Something monumental happened this week that will impact the United States of America for generations to come. It did not happen on the Presidential campaign trail (or in the White House, for that matter.) It certainly did not take place in Congress or at the Supreme Court. Instead, it happened at the Federal Communications Commission (FCC). The FCC is one of those government agencies that most people know exists but do not often consider. Visitors to Washington, DC, do not sign up for tours of the FCC!
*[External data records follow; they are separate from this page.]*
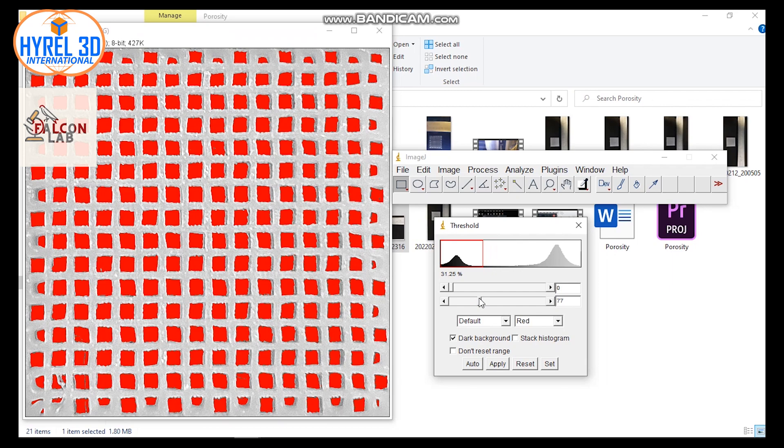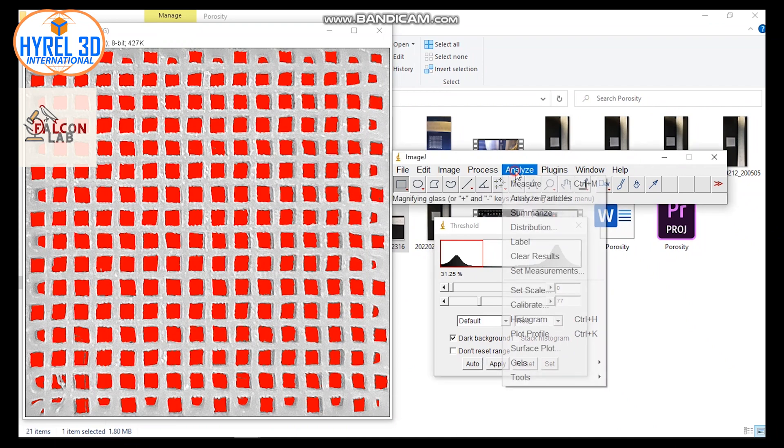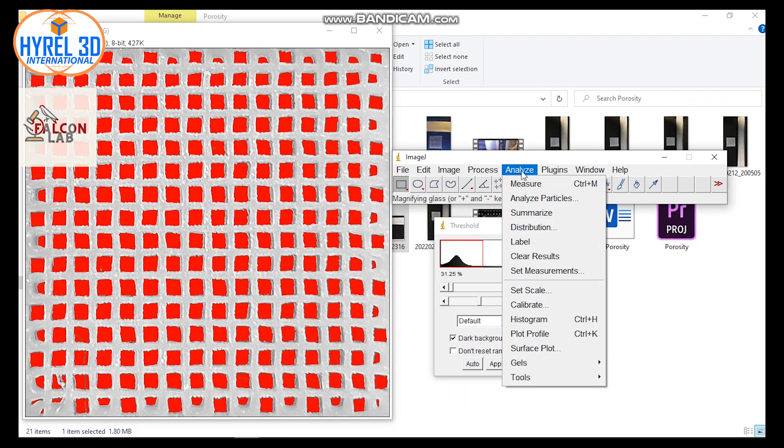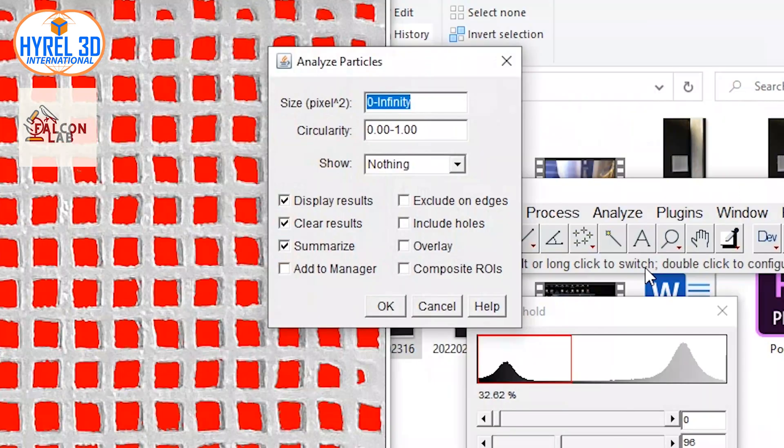If you are not aware of this, this may affect your calculation. Next, go to Analyze and choose Analyze Particles. You can add a limit of your pore size by changing the number in the Size column. For example, any pore size smaller than 0.001 will not be calculated.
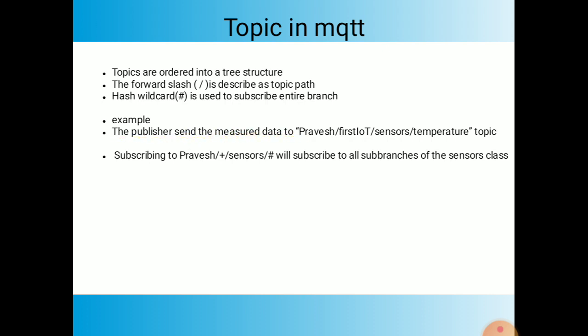The publisher sends message data to — for example — publish/firstiot/sensor/temperature. Assume publisher one sends data to the message broker. The topic path is: first its root name 'publish', then the branch 'firstiot', then 'sensor', then 'temperature'. This identifies a particular topic name. To subscribe to this publisher, the subscriber uses the same path: publish/firstiot/sensor/temperature.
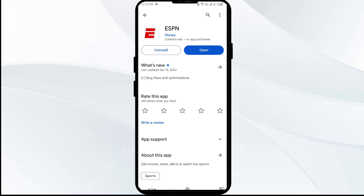Tap on it to update the app to the latest version. Once updated, launch the app again. Fifth solution to fix this problem is to uninstall and reinstall the ESPN app. Go to the same place and select Uninstall.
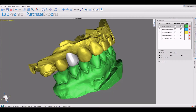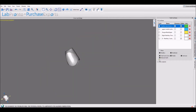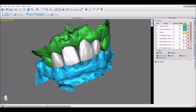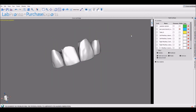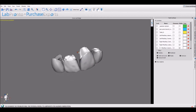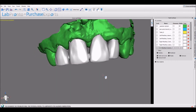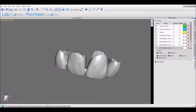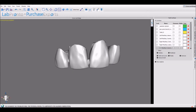The new version of Blue Sky Plan allows the creation of crowns and bridges. You can create a crown for a titanium based abutment, conventional crowns, and bridges. Crown and bridges can be exported from the crown and bridge module at no cost.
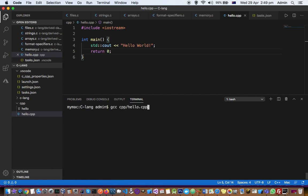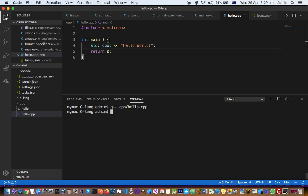G++ followed by the filename. Now you can see my file is compiled successfully, and the default output is in a.out.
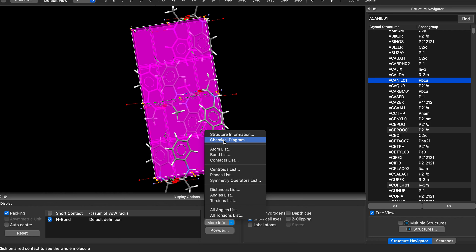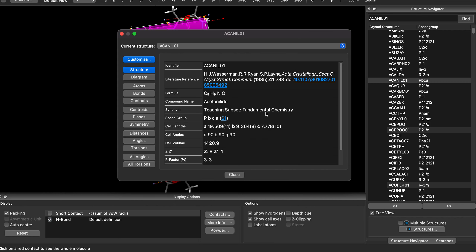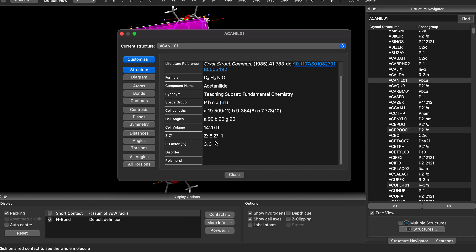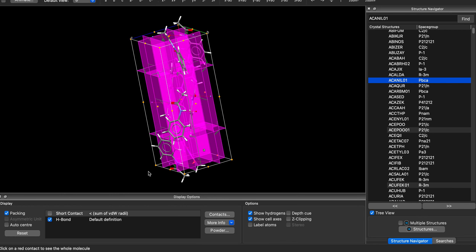Another thing is you can go here to see chemical diagrams. It contains a lot of metadata, like where this structure comes from — for example, the source paper, formula, cell length, and Z prime. Sometimes it will also tell you whether there is a disorder. Overall, it's a very useful tool, very useful for visualization.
Yet, for all its obscurity, the FCC did something extraordinary this week. It established new rules for a program called Lifeline. Originally focused on telephone service, the new Lifeline program is shifting to support broadband Internet access for low-income homes. Millions of households who currently cannot afford and do not have adequate Internet access will now qualify to receive discounts for this essential service. These families will now be able to access a wealth of information through the Internet, which in turn will lead to better success at school and in the work force. The Internet is not going away, in fact it is becoming more and more a part of normal everyday life.
Helping families access the Internet at home is a big deal for our country. The results may not be immediately evident, or quantifiable, but they will be real, nevertheless. I am grateful for the opportunity for Internet access that now has been given to so many, and I applaud the FCC Commissioners and staff whose leadership and commitment to this important cause brought about this significant change.